Some say rising temperatures are making Australia's climate more extreme at the edges. Snow will disappear from the few mountains that still have it, the cyclones that batter the topical north could get more powerful and the conditions that set the southeast ablaze could become common.
"The terrible events of the past couple of weeks are, without doubt, partly the result of global warming and the greenhouse effect," said Neville Nicholls, an expert on climate change and wildfires at Australia's Monash University.

Global warming cannot be blamed for starting the hundreds of recent fires — tens of thousands of such blazes erupt across Australia every fire season, from October to March — but the effects of climate change exacerbated their ferocity, Nicholls said.

First, a decade of drought has made Australia's wild forests — known as "the bush" — tinder dry. Second, a sustained and record-breaking heat wave settled over the region. Lastly, record-smashing temperatures on Saturday topped 117 degrees Fahrenheit (47 degrees Celsius) and combined with winds up to 60 mph (100 kph) to whip fires into furnace-like intensity.

The Intergovernmental Panel on Climate Change, the Nobel Prize-winning team of scientists responsible for advising the United Nations about global warming, says the rise in the atmosphere's temperature could cause water shortages, crop failures, more deaths from heat waves and more severe storms around the world.

In Australia, it means more droughts in the dry south and more flooding in the tropical north. The Great Barrier Reef, the world's largest coral reef system rich in sealife and sensitive to small temperature changes, is in trouble.

The Australian government's Commonwealth Scientific and Industrial Research Organization concluded in 2007 that the country's average temperature will rise about 1.8 degrees Fahrenheit (1 C) by 2030 and up to 9 degrees F (5 C) by 2070 if greenhouse emissions are not curbed.
An island large enough to be counted as a continent, Australia's climate varies with its landscape. It is home to dry shifting dunes in the desert "red heart," misty Riesling grape-clad hills, and lush monsoonal rain forest and mangrove swamps.

Among the panel's forecasts: Climate change would likely mean less rain, but rainfalls that did occur would be more intense. Drought in the south — the wheat-, sheep- and cattle-growing food belt — would be more frequent and fires more common. Cyclones that are a regular feature of the summer months in the north would hit harder.

Even as southeastern Australia sweltered and the fires raged this week, some 60 percent of northeastern Queensland state was covered by floodwaters after weeks of drenching rain from a dying offshore cyclone. Three thousand homes were damaged. No deaths were reported.
While scientists cautioned against attributing the wildfires themselves to global warming, they said changing conditions from rising temperatures are having an impact.

"Australia — and particularly the southeastern corner of Australia — is fire prone, so a fire-prone environment coupled with a warmer and drier climate in the future is likely to increase the incidence of this kind of event," said Mark Adams, a wildfire expert at the University of Sydney. "But statistically, we won't be able to prove it for many decades."

Adams said Australia's peculiar ecosystems are particularly susceptible to the effects of climate change.
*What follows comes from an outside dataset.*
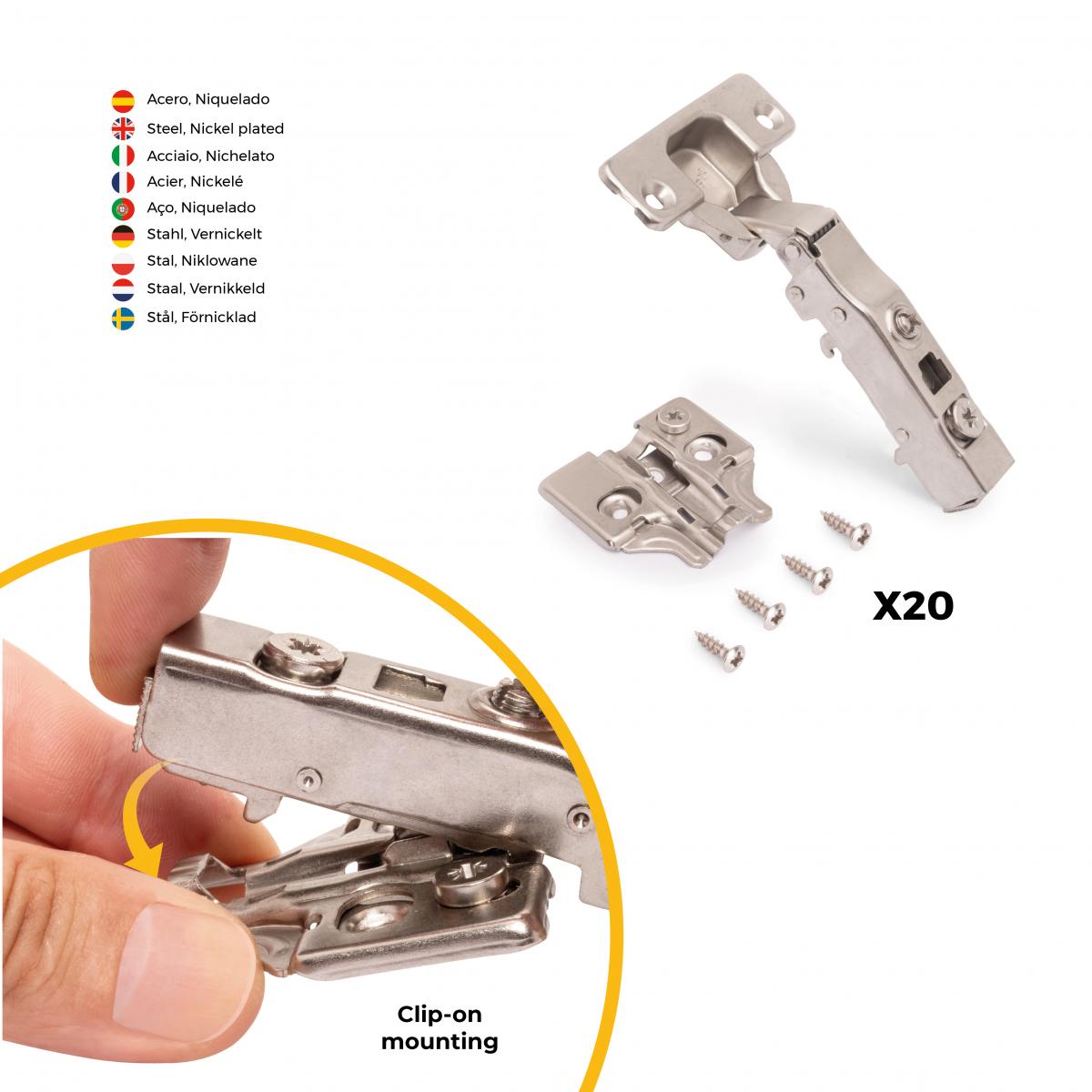 Kit de bisagra recta X91N con suplemento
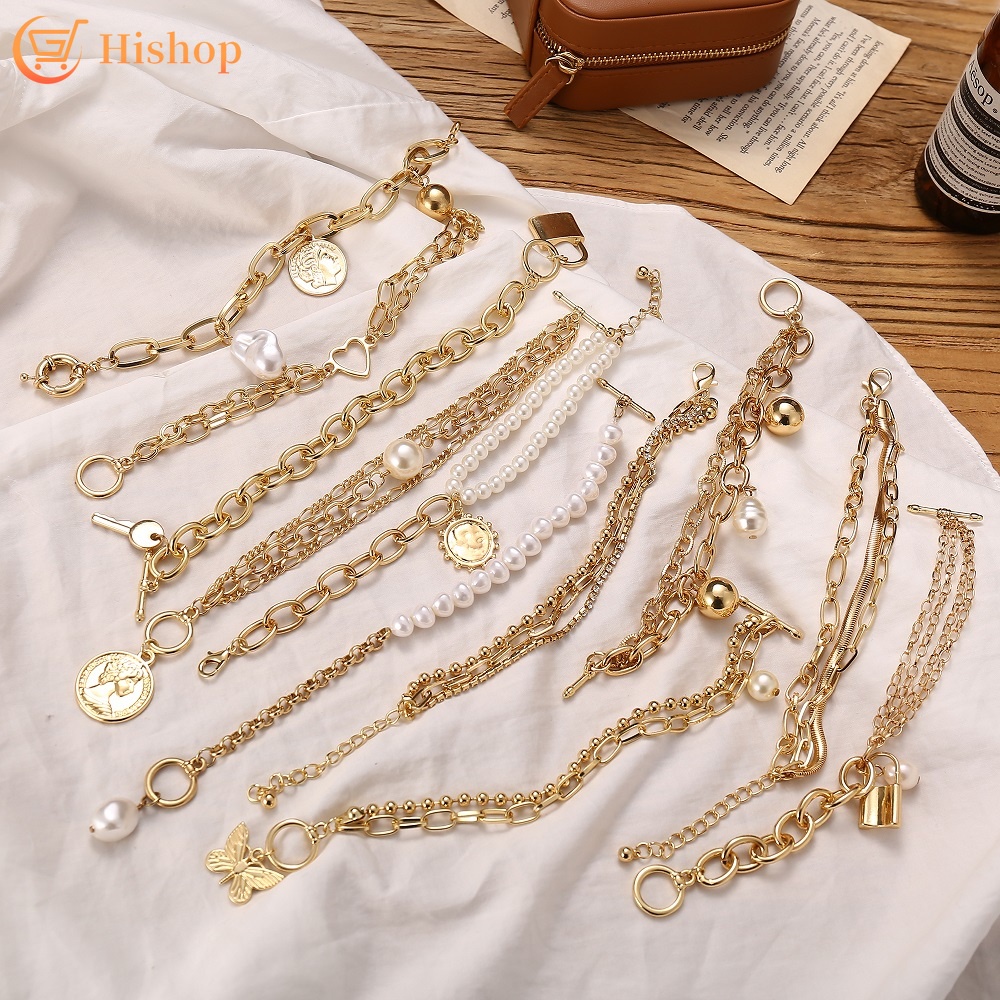 Fashion Gold Bracelet Pearl Butterfly Wafer Elegant Bracelet for Women Jewelry Fashoin Accessories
An increase of just one or two degrees would cause snow in Australia to disappear, and its Great Barrier Reef and rainforests are particularly sensitive to warming, he said.

"But I don't think that on the whole Australia is more susceptible than many other — or indeed any other — continent," Adams said.

Penny Whetton, leader of the climate change research group at Commonwealth Scientific and Industrial Research Organization, also cautioned against tying the fires too closely to global warming.
"Due to changes in the climate, the high risk of fires has increased and will increase," she said. "But that is different than saying climate change caused these fires. It's difficult to relate climate change to an individual weather event."
For conservationists, the dry conditions and the devastating fires bolster their campaign to push the world's governments to move faster on reducing emissions of greenhouse gases.
"It's a sobering reminder of the need for this nation and the whole world to act and to put at a priority our need to tackle climate change in a way that politicians have simply been unable or refused to do in past decades," said Sen. Bob Brown of the left-leaning Australian Greens party.